頭部から順々にライトの位置を下げていき、全景を頭の中で組み立てていく。見覚えのある頭部デザインと分厚い胸部に寸胴のような腰部。脚部は安定性を確保するために装甲で重量を増している。ひざまずいた状態で保管されているためふくらはぎの部分は床に接しているが、武器を内蔵したそこは太く、立っている伊澄の胸辺りまである。

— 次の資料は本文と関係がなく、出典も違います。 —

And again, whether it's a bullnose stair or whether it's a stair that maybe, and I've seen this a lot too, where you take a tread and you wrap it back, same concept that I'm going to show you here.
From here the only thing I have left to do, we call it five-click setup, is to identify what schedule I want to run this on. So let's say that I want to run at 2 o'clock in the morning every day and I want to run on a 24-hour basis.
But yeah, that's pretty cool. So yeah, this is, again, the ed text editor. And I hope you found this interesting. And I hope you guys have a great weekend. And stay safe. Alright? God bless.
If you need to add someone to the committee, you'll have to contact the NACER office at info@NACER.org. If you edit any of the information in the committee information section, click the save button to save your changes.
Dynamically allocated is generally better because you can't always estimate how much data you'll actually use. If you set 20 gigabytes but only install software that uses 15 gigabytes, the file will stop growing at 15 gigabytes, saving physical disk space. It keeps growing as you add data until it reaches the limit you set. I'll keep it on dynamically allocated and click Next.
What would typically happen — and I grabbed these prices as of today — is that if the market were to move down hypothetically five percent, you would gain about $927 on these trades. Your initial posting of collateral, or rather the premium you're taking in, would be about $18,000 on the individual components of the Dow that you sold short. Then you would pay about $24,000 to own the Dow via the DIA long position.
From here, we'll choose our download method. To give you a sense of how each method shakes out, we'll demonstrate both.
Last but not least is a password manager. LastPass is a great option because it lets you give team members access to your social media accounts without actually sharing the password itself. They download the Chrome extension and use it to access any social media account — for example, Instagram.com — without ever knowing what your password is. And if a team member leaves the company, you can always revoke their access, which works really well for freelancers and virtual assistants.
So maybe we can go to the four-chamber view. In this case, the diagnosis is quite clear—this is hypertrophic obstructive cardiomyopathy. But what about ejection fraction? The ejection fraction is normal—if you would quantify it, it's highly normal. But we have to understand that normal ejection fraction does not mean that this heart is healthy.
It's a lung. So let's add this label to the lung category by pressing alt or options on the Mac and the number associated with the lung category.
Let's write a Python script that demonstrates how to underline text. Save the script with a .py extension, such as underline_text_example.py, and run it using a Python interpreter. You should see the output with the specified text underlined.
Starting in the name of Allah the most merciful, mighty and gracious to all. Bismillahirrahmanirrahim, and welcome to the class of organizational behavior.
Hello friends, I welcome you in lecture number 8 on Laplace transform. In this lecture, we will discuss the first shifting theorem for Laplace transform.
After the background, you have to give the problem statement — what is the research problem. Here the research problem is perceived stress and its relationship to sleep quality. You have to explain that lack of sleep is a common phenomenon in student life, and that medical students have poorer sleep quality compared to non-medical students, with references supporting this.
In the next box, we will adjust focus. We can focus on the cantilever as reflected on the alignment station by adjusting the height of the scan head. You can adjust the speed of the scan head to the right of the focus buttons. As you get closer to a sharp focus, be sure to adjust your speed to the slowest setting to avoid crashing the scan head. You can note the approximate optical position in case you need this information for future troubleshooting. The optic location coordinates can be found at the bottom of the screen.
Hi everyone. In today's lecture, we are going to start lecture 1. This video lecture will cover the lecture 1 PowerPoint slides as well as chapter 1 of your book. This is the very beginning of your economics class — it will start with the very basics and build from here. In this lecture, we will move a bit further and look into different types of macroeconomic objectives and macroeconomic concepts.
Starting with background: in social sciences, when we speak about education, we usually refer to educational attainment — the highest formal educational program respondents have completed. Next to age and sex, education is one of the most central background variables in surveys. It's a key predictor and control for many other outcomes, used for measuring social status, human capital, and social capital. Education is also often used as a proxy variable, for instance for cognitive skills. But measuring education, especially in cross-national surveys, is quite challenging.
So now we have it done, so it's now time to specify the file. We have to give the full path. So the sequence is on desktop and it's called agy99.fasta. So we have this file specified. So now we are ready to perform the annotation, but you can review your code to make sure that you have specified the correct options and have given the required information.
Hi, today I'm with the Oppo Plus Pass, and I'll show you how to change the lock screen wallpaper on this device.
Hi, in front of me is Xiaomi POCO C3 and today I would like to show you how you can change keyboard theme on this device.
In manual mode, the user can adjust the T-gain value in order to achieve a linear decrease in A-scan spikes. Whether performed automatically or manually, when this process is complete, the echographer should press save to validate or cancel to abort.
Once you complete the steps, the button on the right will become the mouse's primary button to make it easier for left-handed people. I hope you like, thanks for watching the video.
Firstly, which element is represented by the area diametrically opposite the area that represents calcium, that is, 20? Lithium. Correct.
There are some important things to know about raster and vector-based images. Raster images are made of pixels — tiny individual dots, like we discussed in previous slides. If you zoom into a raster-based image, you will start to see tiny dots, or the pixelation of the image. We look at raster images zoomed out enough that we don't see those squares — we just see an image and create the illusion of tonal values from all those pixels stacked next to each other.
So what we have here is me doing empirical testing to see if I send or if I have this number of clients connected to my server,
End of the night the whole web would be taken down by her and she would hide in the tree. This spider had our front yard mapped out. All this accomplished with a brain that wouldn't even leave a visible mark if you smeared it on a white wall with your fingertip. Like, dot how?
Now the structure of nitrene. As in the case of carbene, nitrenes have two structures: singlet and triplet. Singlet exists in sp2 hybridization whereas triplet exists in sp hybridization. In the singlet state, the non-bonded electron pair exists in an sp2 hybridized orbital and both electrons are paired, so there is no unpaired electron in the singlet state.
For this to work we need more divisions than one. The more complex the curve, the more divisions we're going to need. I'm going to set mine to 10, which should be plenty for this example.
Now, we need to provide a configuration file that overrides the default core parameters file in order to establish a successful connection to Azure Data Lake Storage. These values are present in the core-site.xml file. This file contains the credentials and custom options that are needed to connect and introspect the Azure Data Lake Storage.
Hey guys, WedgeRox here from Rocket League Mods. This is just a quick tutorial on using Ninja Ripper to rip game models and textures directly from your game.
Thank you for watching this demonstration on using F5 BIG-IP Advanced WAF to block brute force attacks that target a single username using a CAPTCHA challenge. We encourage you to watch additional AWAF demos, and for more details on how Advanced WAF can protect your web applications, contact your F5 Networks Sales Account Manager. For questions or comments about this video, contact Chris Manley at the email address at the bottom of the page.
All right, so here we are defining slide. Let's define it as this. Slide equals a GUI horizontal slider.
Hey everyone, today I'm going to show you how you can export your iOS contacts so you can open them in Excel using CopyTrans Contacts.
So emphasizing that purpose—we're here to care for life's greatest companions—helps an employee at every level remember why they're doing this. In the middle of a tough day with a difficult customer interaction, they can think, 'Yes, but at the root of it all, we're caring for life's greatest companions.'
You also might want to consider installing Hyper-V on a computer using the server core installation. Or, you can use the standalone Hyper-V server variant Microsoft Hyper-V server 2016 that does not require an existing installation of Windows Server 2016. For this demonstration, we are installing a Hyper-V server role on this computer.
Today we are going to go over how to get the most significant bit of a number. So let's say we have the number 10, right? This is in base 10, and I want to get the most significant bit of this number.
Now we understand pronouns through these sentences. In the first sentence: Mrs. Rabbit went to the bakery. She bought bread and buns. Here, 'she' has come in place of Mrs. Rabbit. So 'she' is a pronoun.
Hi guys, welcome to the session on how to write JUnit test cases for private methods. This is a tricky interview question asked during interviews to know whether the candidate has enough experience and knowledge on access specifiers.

そしてこの特徴的なデザインの機体を伊澄はよく知っていた。
「『ヘルタイガー』……?」
伊澄たちの世界、ニヴィールでは現在は第三世代機が各国でノイエ・ヴェルトが開発されているが、その第三世代機でさえデザインは王国のスフィーリアより随分と野暮ったい。そして今、二人の目の前にいる『ヘルタイガー』は更にその一世代前、つまりは第二世代機として米国で国防総省とロッキード社で共同開発されたものだ。
しかも、伊澄の知る限り第二世代機の中でもマイナーチェンジ前の最初期型であり、第一世代機が陸上戦闘車両の延長線上のような扱いだったことを考えると、事実上最初に開発されたノイエ・ヴェルトだった。
「どうしてこんなところに……?」
ノイエ・ヴェルトの歴史は浅いがその進化の速度は凄まじいものがある。『ヘルタイガー』を皮切りとして様々な機種がこの十数年で開発されていった。同じ米国でボーイング社が開発した『グリズリー』、エアバス社を中心とした欧州企業体で開発された『ボナパルト』やそれに対抗して開発されたロールス・ロイス社の『アーサー』、日本で開発された『アイアース』に『アイギス』。これらの内、『グリズリー』、『アーサー』、『アイギス』がベースとなってカスタマイズされたものが現在の各国の主力機となっているが、全ての大本である『ヘルタイガー』はとっくの昔に歴史の中に埋もれていった存在だ。今となっては途上国でも中々目撃するのも難しいかもしれない、いわば骨董品である。
それが何故、ここにあるのか。そこに考えを巡らせた時に、この部屋の設備と機体がすぐに結びついた。
多くのケーブルや空っぽになった棚。棚にはおそらくは様々な機器が設置されてデータが取得されていたのだろう。ライトで照らしながらグルリと『ヘルタイガー』を改めて観察してみると、かなりカスタマイズされているようだった。本来ないはずのバーニアバックパックが装着されていたり、魔法陣が各所に刻まれていたりしている。
「……ひょっとして、僕らの世界の機体を研究していたのか?」
エレクシアの話が本当であれば、彼女は来る災厄に備えるためにあらゆる手を尽くそうとしていた。機体としての性能や完成度はアルヴヘイムの方が優れているが、だからといってニヴィールの何もかもが劣っているわけではないだろう。貪欲に様々な技術を得ようとしていたと想像ができる。そしてこの機体はその残滓なのだ。
だが、疑問が残る。
「一体どうやって……」
こんな巨大なものをこちらに持ってきたのか。自分たちが連れてこられたような魔法陣の巨大なものが存在し、それを通じて持ってきた? だが物が物だけに個人での購入はほぼ不可能であるし、だとしたら盗み出したのか? 次々に疑問が湧き出し、しかしその思考も扉を激しく叩く音で中断させられた。
「ちっ、もうバレたのかよ……
なあ! こいつはどうなんだ!? 結構ボロそうだけど、動かせんの!?」
「ちょっと待って! こいつのハッチのスイッチは……」
ずいぶんと昔に見た雑誌の知識を思い出しながら伊澄は機体の、人間でいえば土踏まずに当たるところをまさぐった。埃でベトついた出っ張りを見つけて押してみる。するとハッチが動き出す。が、すぐに「ガガガガ……」と音を立て始めた。どうやら何かが引っかかって開ききらないらしい。
「この……! キチッと動きやがれっ!!」
「ちょっ、そんな事したら――」
伊澄が制止する声も聞かず、ユカリが転がっていたパイプを拾い上げ、ハッチ目掛けて振り抜いた。ガィン、と音が鳴り、しかしそれによって引っかかりが外れたのか、空気が抜ける音がして人が入れる程に隙間ができた。
「そんな事したら、なんだって?」
してやったりとばかりに、ユカリは不良少年よろしく鉄パイプを肩に担いでニヤッと笑ってみせる。それがずいぶんと様になっているのだがそこには伊澄も触れず、代わりに呆れたため息をこれ見よがしについてみせたのだった。